If one were to hook an MPPT controller that is designed for solar power up to a windmill and charge batteries with it, it would solve some of the problems of mating alternator and blades, but not all of them. Such a controller will try to take whatever the alternator is putting out and maximize its power transfer into the battery by trading off current and voltage. The load presented to the mill is left to chance, and will not be optimum at all wind speeds.
If, on the other hand, one were to make a controller that knew how much load to apply for a given wind speed to get just the right amount of back-torque on the blades to make them run at their best TSR, one might achieve the other half of the solution, which is to apply a load that guarantees the best possible power efficiency of the blades for whatever wind speed is presently available.
It seems what is needed is a combination of these two principles into a single windmill MPPT controller which will use an anemometer input to gather current wind speed data, compute based on previously learned data what would be the ideal load at that windspeed. Such a load would result in these blades running at a speed that puts out the largest potential power at that windspeed. Our alternator could supply this max power only if we give it precisely the right amount of load. So the load on the alternator (which is supplied by our MPPT controller) needs to be adjusted to match this "best load".

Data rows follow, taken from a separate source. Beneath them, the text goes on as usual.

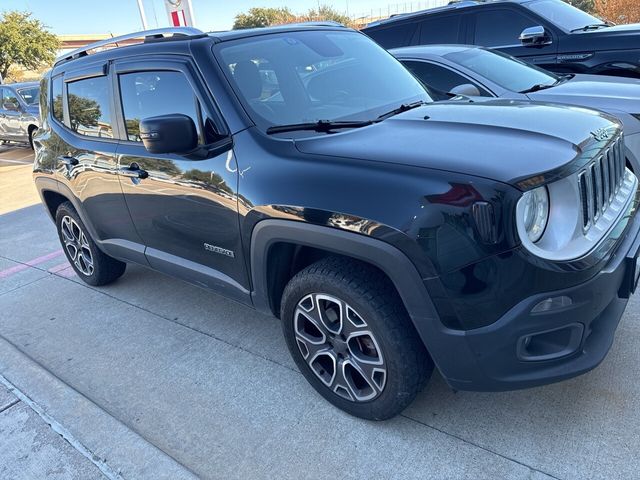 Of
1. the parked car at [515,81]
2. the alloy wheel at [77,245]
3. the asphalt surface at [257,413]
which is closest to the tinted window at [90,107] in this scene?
the alloy wheel at [77,245]

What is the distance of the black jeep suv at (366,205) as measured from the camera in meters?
Answer: 1.87

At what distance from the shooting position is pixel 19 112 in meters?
12.0

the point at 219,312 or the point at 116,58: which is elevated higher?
the point at 116,58

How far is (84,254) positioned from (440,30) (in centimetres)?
562

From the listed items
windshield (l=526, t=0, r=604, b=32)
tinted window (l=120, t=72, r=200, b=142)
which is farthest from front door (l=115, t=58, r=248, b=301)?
windshield (l=526, t=0, r=604, b=32)

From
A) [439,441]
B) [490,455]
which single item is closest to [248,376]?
[439,441]

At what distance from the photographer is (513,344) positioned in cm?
191

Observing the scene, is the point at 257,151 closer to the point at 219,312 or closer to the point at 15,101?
the point at 219,312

So, our blades are capable of a particular amount of max power at this wind speed, and through the alternator they produce this power with a particular "best load". We then need to adjust the algorithm of the MPPT controller's DC to DC converters to shoot for delivering exactly that same power level to the battery. Make it adjust the charging voltage until that voltage times the resulting charging current equals our preferred power level, and voila! Our MPPT controller is pushing just enough power to the battery to create our "ideal load" on the alternator we have connected. This in turn provides precisely the back torque required to make our blades spin with whatever we have empirically determined is their ideal TSR.

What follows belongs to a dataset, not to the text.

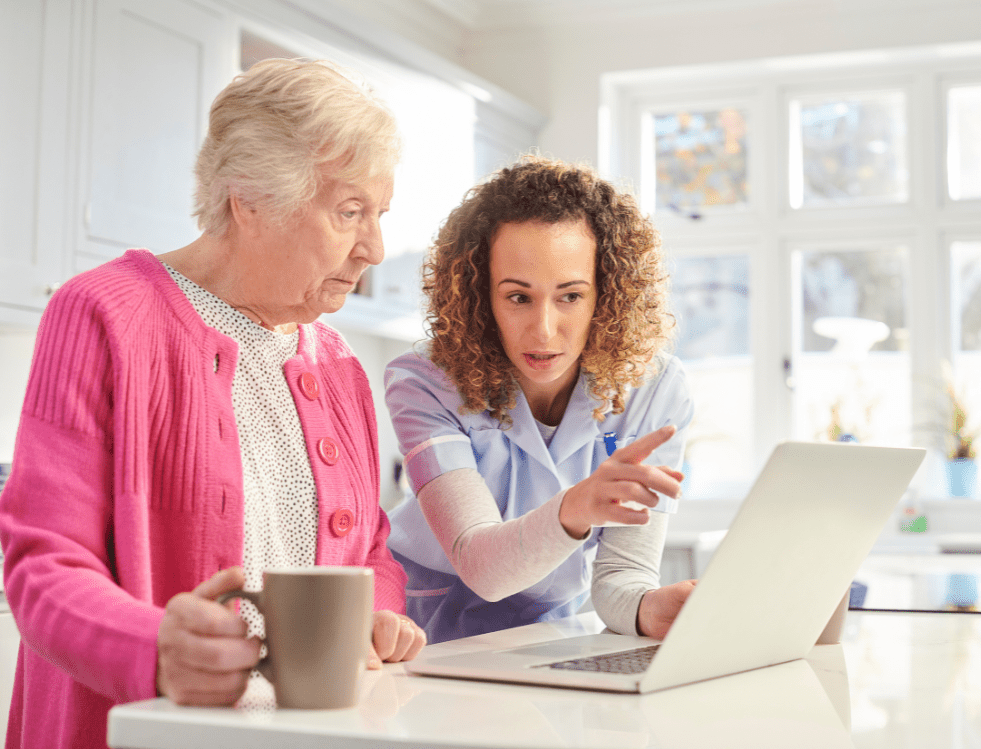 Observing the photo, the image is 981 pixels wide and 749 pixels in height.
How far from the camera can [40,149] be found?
246cm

So, in review, our special MPPT is adjusting the charging voltage/current so as to take whatever alternator we have in our system and use it to move our blades into their sweet spot on the TSR vs. power curve and keep them in that sweet spot as the wind speed varies over a wide range.
At the same time we get other benefits such as making our system less dependent on precise alternator design, getting the lowest possible cut-in speed, and not wasting power at high wind speeds by running our blades at an inefficient TSR. And finally ( a question for the experts) perhaps by decoupling some of our divergent design criteria such as cut-in speed vs. highest max power, perhaps we can develop a set of blades with a higher efficiency without sacrificing cut-in speed.
See, just like the lady said, complexly simple.